Love where you live!
By Chris Lavin
La Mesa Today Editor
LA MESA -- It has been almost a quarter century since they had to change the name of the mayor on the forms at City Hall.
Check signing procedures and contract processing requirements are being adjusted in anticipation of a new regime as well.
Around City Hall, the impact of the recent election is sinking in as long-time relationships begin to change like the names on the city stationery.
There have been three popes since La Mesa last had a new mayor. Virtually everyone working in City Hall today was hired during Mayor Art Madrid's tenure. It is never easy when there's change at the top.
Government, however, is a process, not a sports car. It moves more like an aircraft carrier and, as the new members of the City Council and its new mayor, will learn, it tends to resist the winds of change.
The new mayor, Mark Arapostathis, has not had a formal meeting with the new council-to-be, but has congratulated the newly elected. He has stopped in with City Manager Dave Witt and sketched out plans for the transition.
The Dec. 9th council meeting will feature a certification of the election results, the swearing-in of the new members and mayor and then a recess to the Police Department meeting room to mark the moment with cake and coffee before returning for what is traditionally a brief agenda for the new council to execute.
It is in January, after the holidays, that the new council will start its real work.

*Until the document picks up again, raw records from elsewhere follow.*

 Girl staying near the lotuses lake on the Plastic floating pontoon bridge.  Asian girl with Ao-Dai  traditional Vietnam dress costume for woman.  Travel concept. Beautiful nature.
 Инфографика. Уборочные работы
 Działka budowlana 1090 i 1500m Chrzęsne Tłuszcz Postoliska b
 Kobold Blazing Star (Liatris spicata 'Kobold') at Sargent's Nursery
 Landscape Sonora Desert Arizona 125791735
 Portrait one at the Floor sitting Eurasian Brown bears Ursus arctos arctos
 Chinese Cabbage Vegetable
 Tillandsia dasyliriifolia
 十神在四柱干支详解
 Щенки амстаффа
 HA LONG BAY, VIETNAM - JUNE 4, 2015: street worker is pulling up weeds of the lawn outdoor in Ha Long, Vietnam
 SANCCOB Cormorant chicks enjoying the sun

In many ways, the routine of government will give it early focus.
Arapostathis said the council will need to watch the downtown Village streetscape project closely and plan for a very public celebration of that key work when it is finished. "You only get one chance to do that right,'' he said. Arapostathis also notes that hiring a replacement for retiring Police Chief Ed Aceves will also be prominently on people's minds.

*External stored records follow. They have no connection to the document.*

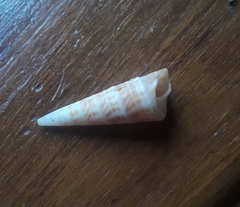 Turritella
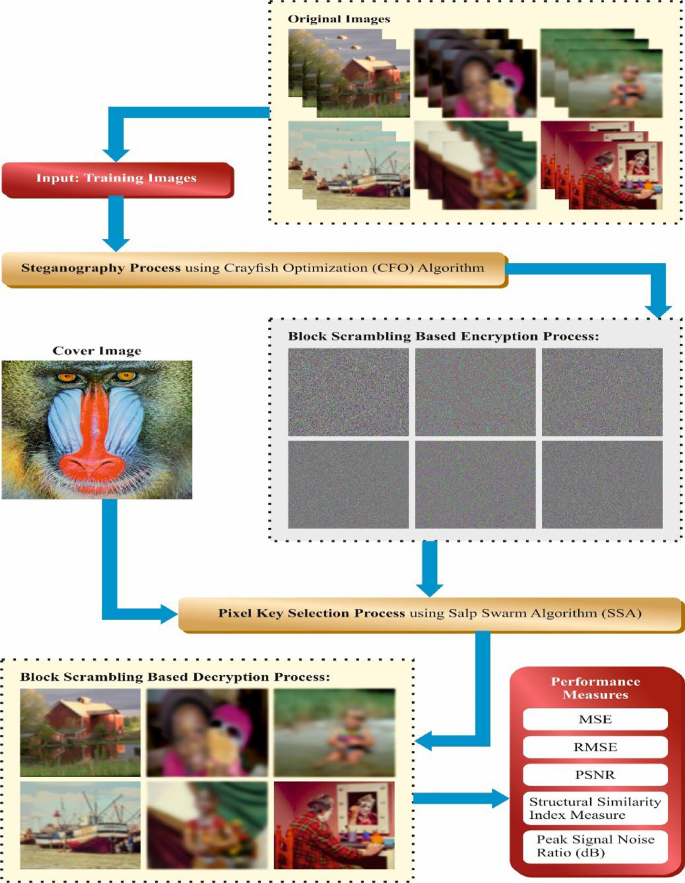 Crayfish optimization based pixel selection using block scrambling 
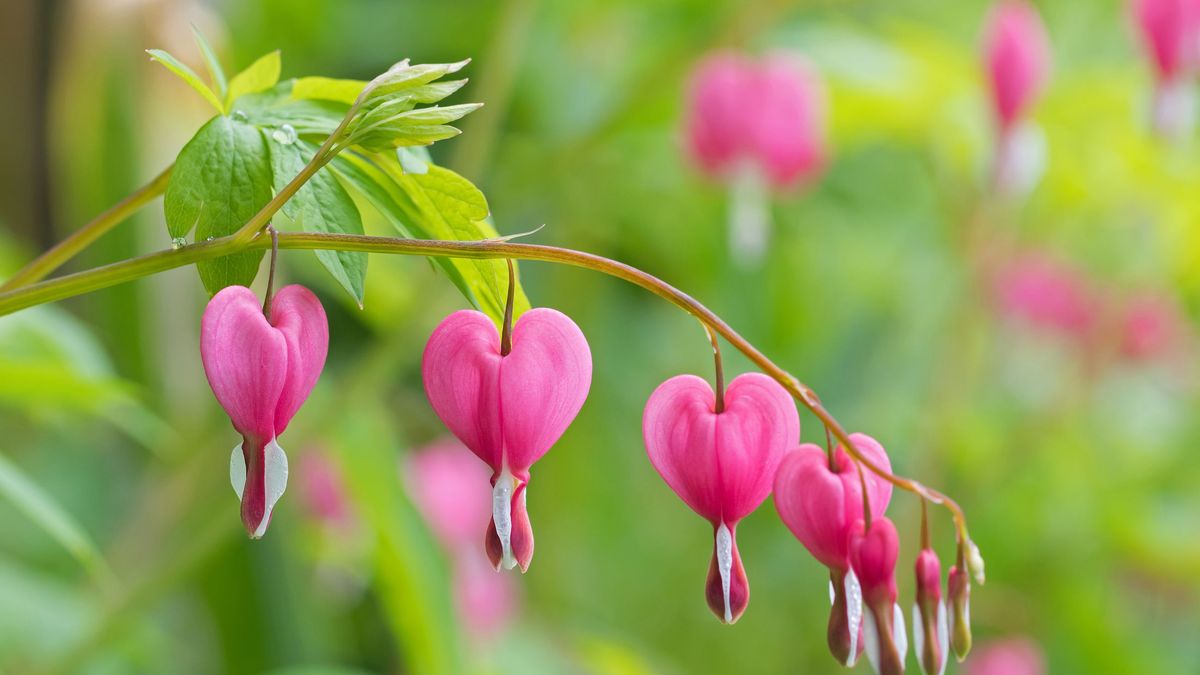 La planta corazón de sangre requiere riego regular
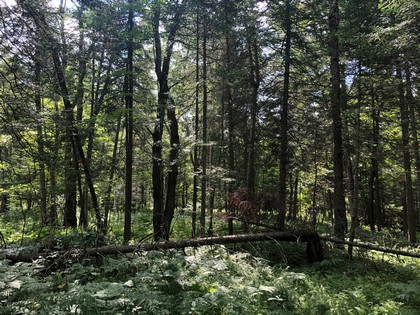 Adirondack land for sale in Forestport, NY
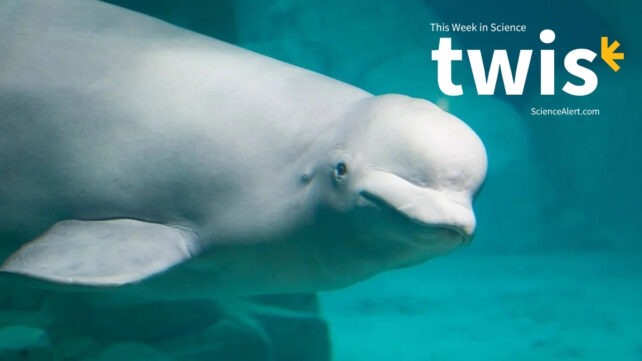 This Week in Science: A Grisly Giant Jar, a Self-Aware Whale, And More!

But these are the expected elements of government and are not the greatest challenges facing this new panel.
In many ways, this year's election -- like politics in general over the last four years -- was dominated by the gravitational pull of the long-serving mayor. Local politics did not revolve around great issues, but great personalities.

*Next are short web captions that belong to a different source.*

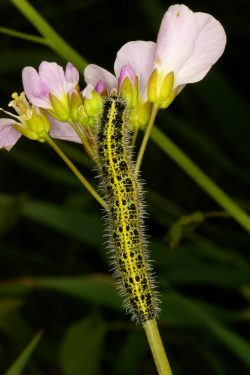 Lagarta da borboleta-branca-grande-da-couve (Pieris brassicae).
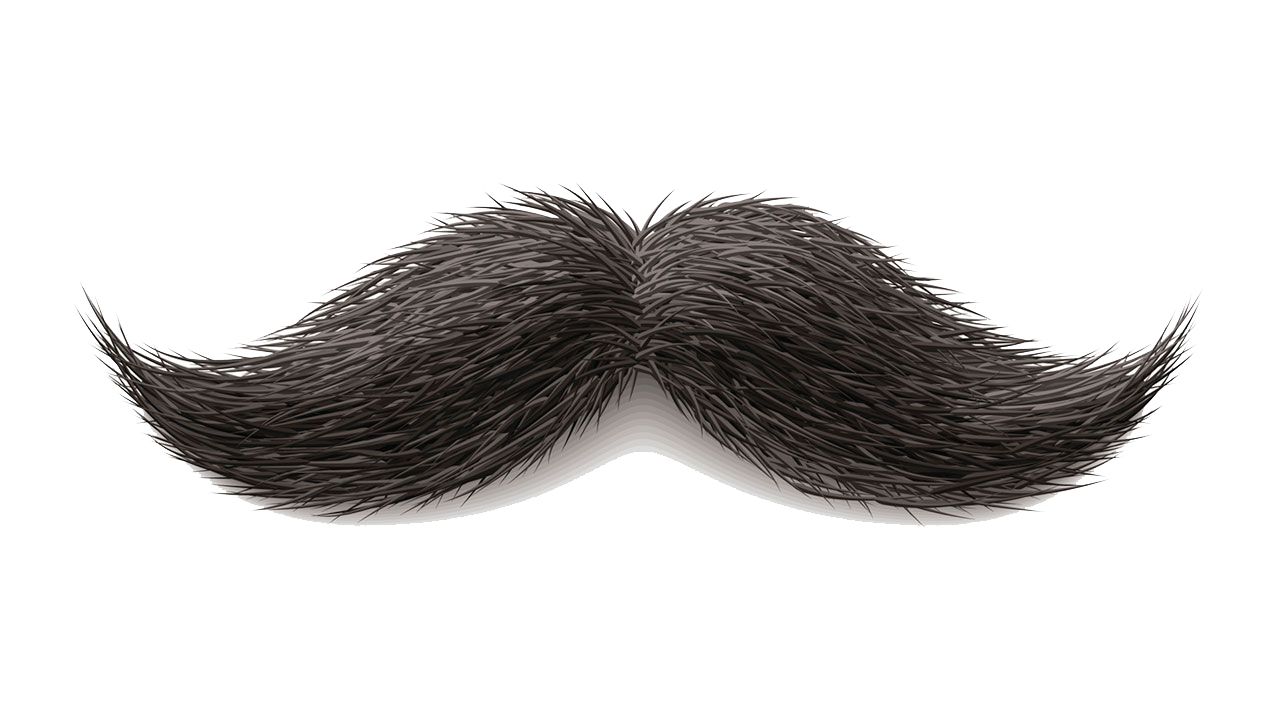 Moustache PNG    图片编号:55059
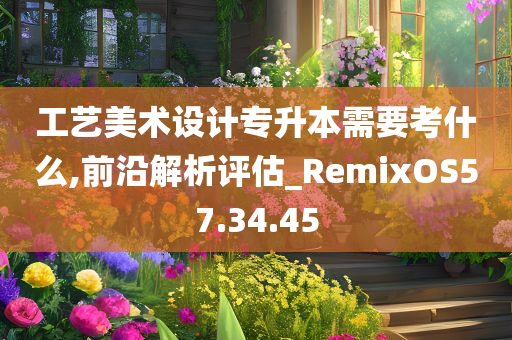 工艺美术设计专升本需要考什么,前沿解析评估_RemixOS57.34.45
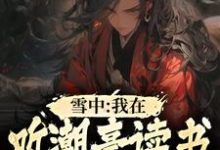 雪中：我在听潮亭读书成陆地神仙小说，雪中：我在听潮亭读书成陆地神仙徐麒麟-飓风文学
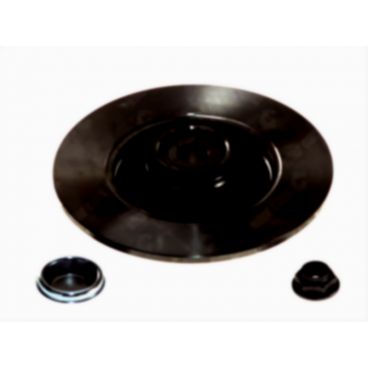 Brake disk with bearing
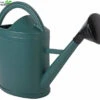 Talen Tools Gieter 14l+sproeier -Tuinplanten Benodigdheden gieter 14l sproeier 750x628 629f5b8301180 l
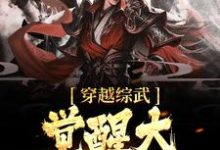 主角叫顾宇轩小说穿越综武,觉醒大反派系统章节免费阅读-红梅文学
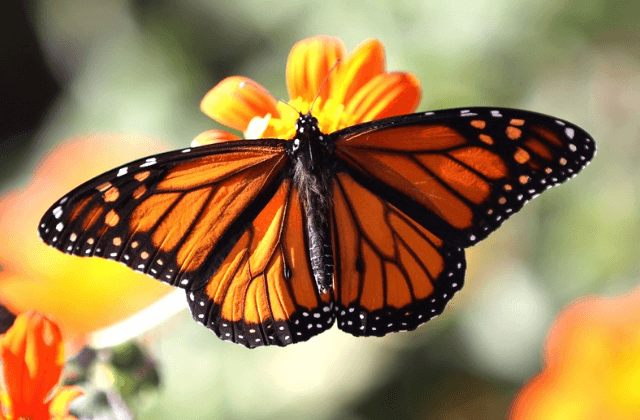 Bienvenidas a casa: Primeras mariposas monarcas con nanotransmisores llegan a México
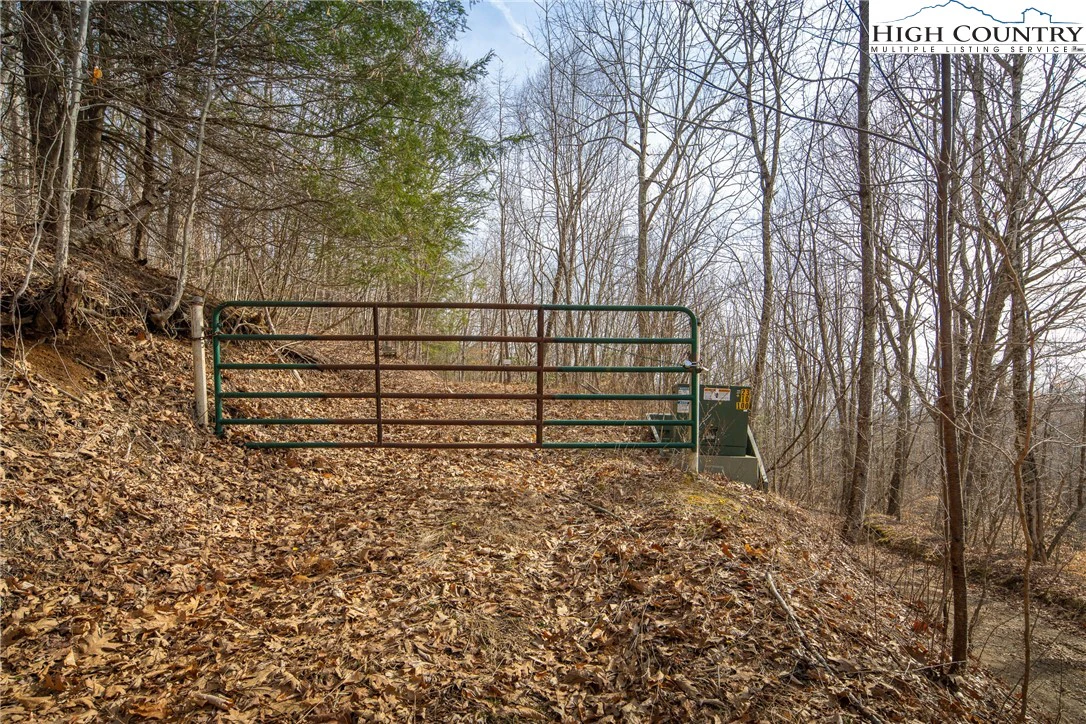 Image number 16 for the current listing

Throughout the recent campaign, in fact, there were virtually no great issues enumerated by any candidates. Public safety, good streets and clean parks were nearly universal concerns for all involved, but the long-simmering animosities between Madrid and the rest of the council remained the focus.
Most analyses of the election results simply credited Arapostathis' strong contingent of school and theater-based families far more motivated than Madrid's aging supporters in a low-turnout race. No issues enter the discussion.
With the distracting issues of personality vanquished from the scene by voters, however, this new council will undoubtedly find itself confronting long-standing, and in some ways, daunting issues.
The city's finances have been precarious since the Great Recession. Sales taxes, one of the city's financial pillars, remain soft and there are more than a few strategic thinkers who believe paradigm shifts underway in the retail world may render this revenue source increasingly unreliable. Drew Ford was recently sold and suddenly its long-time La Mesa roots are threatened. The loss of a car dealer could be a body blow to local coffers.
For a city that wants to keep its own police force and maintain local control of its own zoning and development issues, funding local services over the long term may require more creativity, leadership and long-term planning than La Mesa's council has exhibited in recent years.
Still, there are strengths in the Jewel of the Hills. Grossmont Center, clearly the economic engine of local government, returns to family ownership soon and many redevelopment scenarios for those acres would have that engine running on higher octane, producing more real estate and sales taxes in the future.
There are also nearly eight open acres of land along Spring Street in the city's center, some of it privately owned, much of it already in public hands, beckoning for a vision of some sort to add lustre -- and perhaps some economic fire power -- to La Mesa's quaint but sleepy core.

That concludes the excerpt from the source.